O montador e editor de som Severino Dadá fala sobre Rogério Sganzerla: o samba, a prontidão e outras bossas de um cinema de invenção e amizade. (LARM)

Eu conheci o Rogério há muito tempo, a gente sempre batia papo, mas nunca tínhamos trabalhado juntos. Ele já tinha me chamado pra trabalhar, mas eu, como autônomo, pegava o trabalho que começasse primeiro. Eu só vou trabalhar com ele profissionalmente em 1984. Ele me chamou pra montar Nem Tudo É Verdade, o primeiro filme do Rogério sobre a vinda do Orson Welles ao Brasil, no início dos anos 40, que ele reconstitui com o Arrigo Barnabé fazendo o papel do Orson Welles. Dali ele parte pra outros filmes em cima do mesmo assunto. Depois eu montei pra ele um filme com sobras do Nem Tudo É Verdade, chamado Linguagem de Orson Welles, um curta que tem um depoimento muito bonito do Grande Otelo - cuja filmagem, aliás, eu tive a honra de assistir - falando da amizade que ele fez com Orson Welles, das biritas que ele tomou com Orson Welles aqui no Brasil.

Eu morava na Vila Isabel, morei lá durante 20 anos, de 1974 a 1994, e o Rogério sempre baixava na Vila, porque ele tinha uma espécie de fascínio em relação ao Noel Rosa. O Rogério escreveu um roteiro sobre a vida do Noel Rosa, o sonho dele era fazer um grande musical sobre o Noel. E aí eu apresentei o Rogério ao Martinho da Vila, ao Nei Lopes... Ele já tinha amizade com o falecido Perna, que era uma figura folclórica lá na Vila, um agitador cultural fantástico. Esse Perna dizia assim: "Sem Perna a Vila não anda". E nessa o Rogério fez amizade com um dos maiores compositores da Escola de Samba Unidos de Vila Isabel que foi o falecido Paulo Brazão, tema de um grande samba do Martinho.

O Rogério foi um dos caras que eu conheci mais bem informados a respeito da história da música popular brasileira. Ele teve uma formação de rádio, de garoto freqüentando rádio, parece que a família dele tinha uma emissora lá em Joaçaba, na terra dele. Era uma enciclopédia: tinha uma memória privilegiada, fazia citações, era um intelectual na sua maior expressão, pra mim foi um dos maiores intelectuais brasileiros com quem eu convivi. E era um poeta, escrevia muito bem. Muita gente fala no cara polêmico, no cara que discutia, mas ninguém fala no conhecimento do Sganzerla a respeito da música popular brasileira.
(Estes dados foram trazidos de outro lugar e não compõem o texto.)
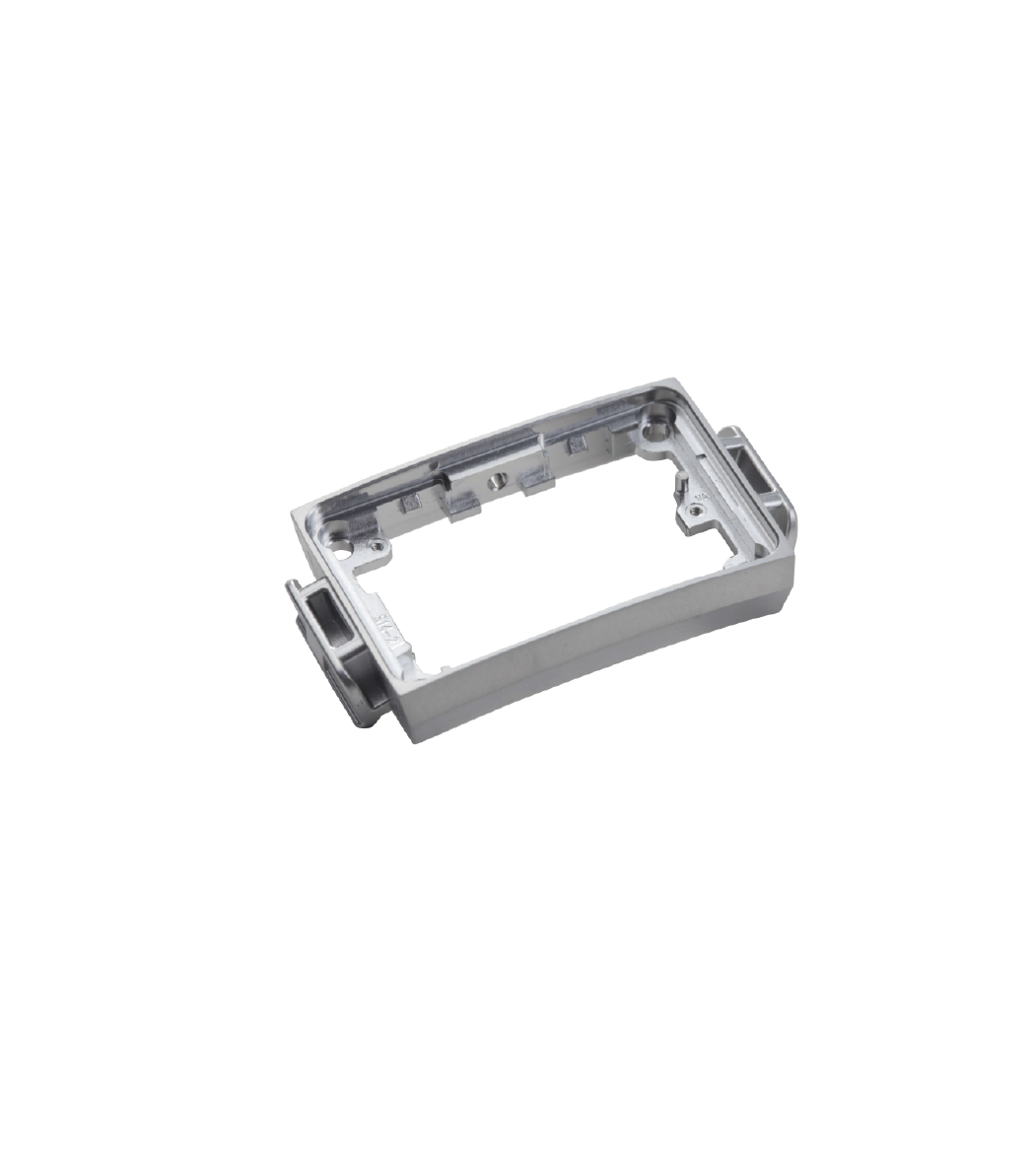 Smart Watch Metal Enclosure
Ele conhecia toda a história, sabia as letras de pessoas da importância de Custódio Mesquita, de Bide, de Marçal, de Ismael Silva - do Noel nem se fala -, do Sinhô, dos primitivos, ele conhecia a história da Tia Ciata, do encontro das tias no começo do século passado, as baianas, o Rogério era um pesquisador incansável desse tema.

Todo mundo fala no Rogério fixado no Orson Welles. Mas o Rogério teve como primeira grande paixão o Noel Rosa. Ou seja, o samba brasileiro, o grande letrista, o grande poeta dos anos 30, que morre jovem. E o Rogério morreu jovem, explodiu na cinematografia muito jovem, com vinte e poucos anos ele dirigiu o Bandido da Luz Vermelha. Orson Welles com vinte e poucos anos dirigiu Cidadão Kane. Noel Rosa morreu novo. Então, ele se preocupava com o tema dos "jovens gênios". Eu tinha uma cópia do primeiro tratamento desse roteiro do Rogério Sganzerla sobre a vida do Noel Rosa, que ele achava que seria o grande musical brasileiro, que envolvia figuras da época como Vadico, Wilson Batista, os programas de rádio, Francisco Alves comprando os sambas do Ismael Silva...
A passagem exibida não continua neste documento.